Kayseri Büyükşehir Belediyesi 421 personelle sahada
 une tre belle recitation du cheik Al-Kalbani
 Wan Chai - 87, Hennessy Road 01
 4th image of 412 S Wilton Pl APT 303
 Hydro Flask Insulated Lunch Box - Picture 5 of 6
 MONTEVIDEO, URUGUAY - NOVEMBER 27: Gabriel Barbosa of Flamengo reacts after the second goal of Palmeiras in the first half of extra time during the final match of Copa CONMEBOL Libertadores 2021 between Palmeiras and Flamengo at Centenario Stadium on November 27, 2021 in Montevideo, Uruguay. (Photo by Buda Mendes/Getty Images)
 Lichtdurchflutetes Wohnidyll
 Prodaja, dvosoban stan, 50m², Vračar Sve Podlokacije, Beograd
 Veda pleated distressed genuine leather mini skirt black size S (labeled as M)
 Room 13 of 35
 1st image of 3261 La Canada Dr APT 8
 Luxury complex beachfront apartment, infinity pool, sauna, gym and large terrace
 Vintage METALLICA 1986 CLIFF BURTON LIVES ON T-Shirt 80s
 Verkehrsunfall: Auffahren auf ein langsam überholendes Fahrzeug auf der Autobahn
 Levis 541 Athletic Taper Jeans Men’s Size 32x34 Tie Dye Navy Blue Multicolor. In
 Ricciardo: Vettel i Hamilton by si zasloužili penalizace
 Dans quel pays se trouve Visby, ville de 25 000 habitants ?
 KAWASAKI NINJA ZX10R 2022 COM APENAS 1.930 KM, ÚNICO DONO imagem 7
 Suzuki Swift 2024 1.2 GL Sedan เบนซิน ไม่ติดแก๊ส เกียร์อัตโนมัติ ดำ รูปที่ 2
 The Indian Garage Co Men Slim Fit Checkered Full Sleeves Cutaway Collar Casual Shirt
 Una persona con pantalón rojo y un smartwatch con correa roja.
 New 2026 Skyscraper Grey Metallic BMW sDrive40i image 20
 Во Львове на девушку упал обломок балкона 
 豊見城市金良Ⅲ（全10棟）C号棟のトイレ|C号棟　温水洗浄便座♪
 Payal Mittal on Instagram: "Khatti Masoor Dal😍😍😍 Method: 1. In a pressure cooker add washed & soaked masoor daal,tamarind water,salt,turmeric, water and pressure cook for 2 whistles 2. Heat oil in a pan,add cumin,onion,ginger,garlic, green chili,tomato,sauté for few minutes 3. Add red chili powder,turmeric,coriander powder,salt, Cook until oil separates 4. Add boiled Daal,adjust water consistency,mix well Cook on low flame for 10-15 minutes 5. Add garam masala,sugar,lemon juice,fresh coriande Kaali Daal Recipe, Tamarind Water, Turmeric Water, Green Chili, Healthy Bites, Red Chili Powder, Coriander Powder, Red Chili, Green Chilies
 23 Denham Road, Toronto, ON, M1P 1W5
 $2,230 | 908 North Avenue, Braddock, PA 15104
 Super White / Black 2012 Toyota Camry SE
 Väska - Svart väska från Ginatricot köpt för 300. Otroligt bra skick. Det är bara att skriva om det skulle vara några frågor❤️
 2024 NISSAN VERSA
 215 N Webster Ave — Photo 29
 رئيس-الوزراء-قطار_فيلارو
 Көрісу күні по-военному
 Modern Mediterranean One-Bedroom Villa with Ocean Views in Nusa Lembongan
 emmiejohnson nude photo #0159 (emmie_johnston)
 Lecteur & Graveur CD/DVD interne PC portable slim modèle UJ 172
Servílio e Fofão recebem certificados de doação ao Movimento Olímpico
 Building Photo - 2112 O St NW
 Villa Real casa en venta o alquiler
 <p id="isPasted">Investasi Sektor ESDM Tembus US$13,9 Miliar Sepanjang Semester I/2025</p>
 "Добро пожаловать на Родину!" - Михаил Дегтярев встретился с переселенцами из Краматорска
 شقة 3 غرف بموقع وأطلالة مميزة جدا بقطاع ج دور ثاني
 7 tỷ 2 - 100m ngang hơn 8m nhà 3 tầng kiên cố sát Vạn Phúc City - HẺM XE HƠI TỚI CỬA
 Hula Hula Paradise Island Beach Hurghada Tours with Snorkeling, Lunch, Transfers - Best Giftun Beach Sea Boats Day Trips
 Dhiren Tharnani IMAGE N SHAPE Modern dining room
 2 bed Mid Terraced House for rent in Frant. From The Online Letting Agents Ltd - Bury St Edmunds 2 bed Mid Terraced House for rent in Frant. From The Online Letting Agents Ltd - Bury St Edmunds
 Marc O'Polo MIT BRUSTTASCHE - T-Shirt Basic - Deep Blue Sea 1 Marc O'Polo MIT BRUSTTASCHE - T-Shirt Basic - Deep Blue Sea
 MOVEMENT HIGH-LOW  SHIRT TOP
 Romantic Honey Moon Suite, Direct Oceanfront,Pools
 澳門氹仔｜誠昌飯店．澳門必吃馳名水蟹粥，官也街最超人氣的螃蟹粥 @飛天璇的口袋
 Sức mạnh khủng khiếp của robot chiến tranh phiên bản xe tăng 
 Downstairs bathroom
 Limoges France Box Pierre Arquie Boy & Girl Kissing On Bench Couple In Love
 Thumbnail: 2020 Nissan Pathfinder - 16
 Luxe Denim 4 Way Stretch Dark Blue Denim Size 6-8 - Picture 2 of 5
+-------+
Your objective: Whenever a line above has the word "Villa" in it, copy that line.

Your response:
 Modern Mediterranean One-Bedroom Villa with Ocean Views in Nusa Lembongan
 Villa Real casa en venta o alquiler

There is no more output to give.